Some Republican legislators back Martinez in veto lawsuit

Some House and Senate Republicans say that if the New Mexico Supreme Court overturns line-item vetoes by the governor the court would disenfranchise members of the minority caucuses in each chamber.

Last month, the New Mexico Legislature filed a lawsuit against Gov. Susana Martinez, accusing her of violating the state constitution when she vetoed the entirety of the budgets for the state Legislature and all higher education in New Mexico.

In a court filing, attorneys for the Republican members of the Legislature say they wish to file the amicus brief because they disagree with the lawsuit filed after approval by the Legislative Council.  That lawsuit says Martinez’s vetoes should be overturned.

The Republicans—eight members of the Senate and 23 members of the House—say the legislative lawsuit seeks “to disenfranchise the minority caucus” and that the question raised by the lawsuit is a political issue, not a legal one.

The Republicans’ filing refers to the necessary “give and take” between not just the Legislature and the Governor, but between the majority and minority parties.

The Legislative Council did not make its vote to move forward with the lawsuit public. But three Republican members of the Council, all from the House, signed onto the request to file a brief opposing the suit.

Those members are Zach Cook of Ruidoso, Rod Montoya of Farmington and Candy Spence Ezzell of Roswell.
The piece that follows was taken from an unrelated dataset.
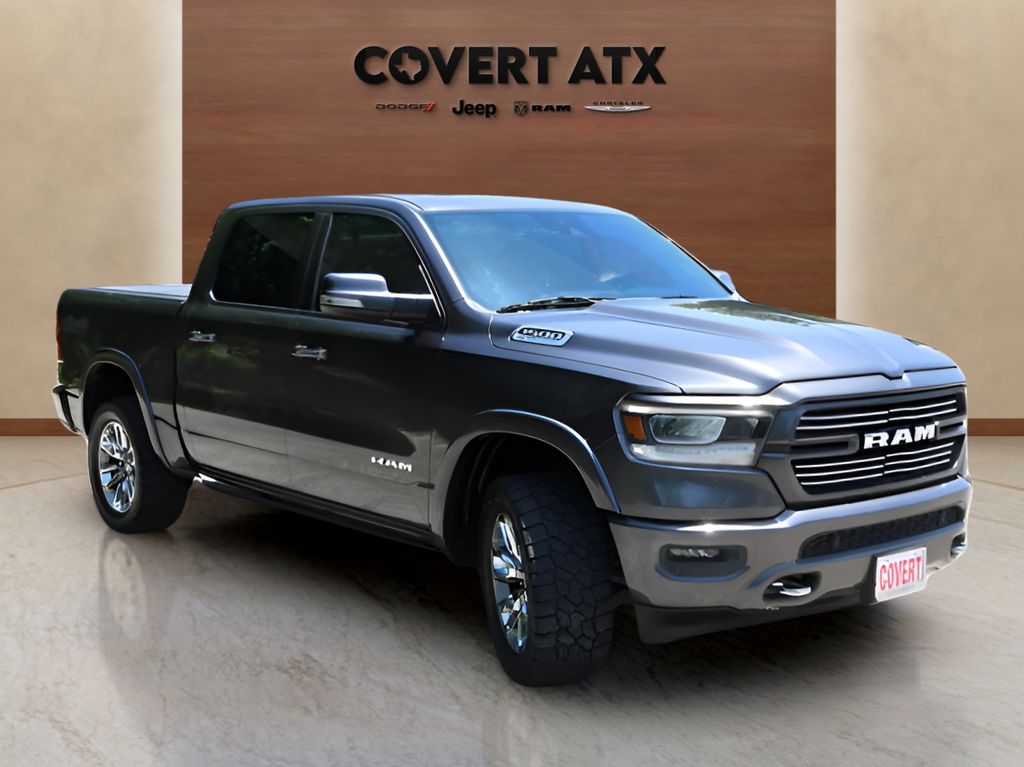 Used 2022 Gray Ram Laramie image 7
Montoya is also the House minority whip. House Minority Leader Nate Gentry did not sign onto the request, nor did any members of the Senate leadership.

The Republican legislators’ filing argues that a tax reform that broadened the tax base and lowered the tax rate would raise revenue.

The governor’s office recently filed a brief seeking to have the court throw the case out. Attorneys for the Republican legislators says their brief would differ “in that their brief would assist the Court by highlighting the position of the minority caucus, a key member of the legislative process.”

Attorneys Christopher Saucedo and Daniel Apodaca filed the brief on behalf of the Republican legislators.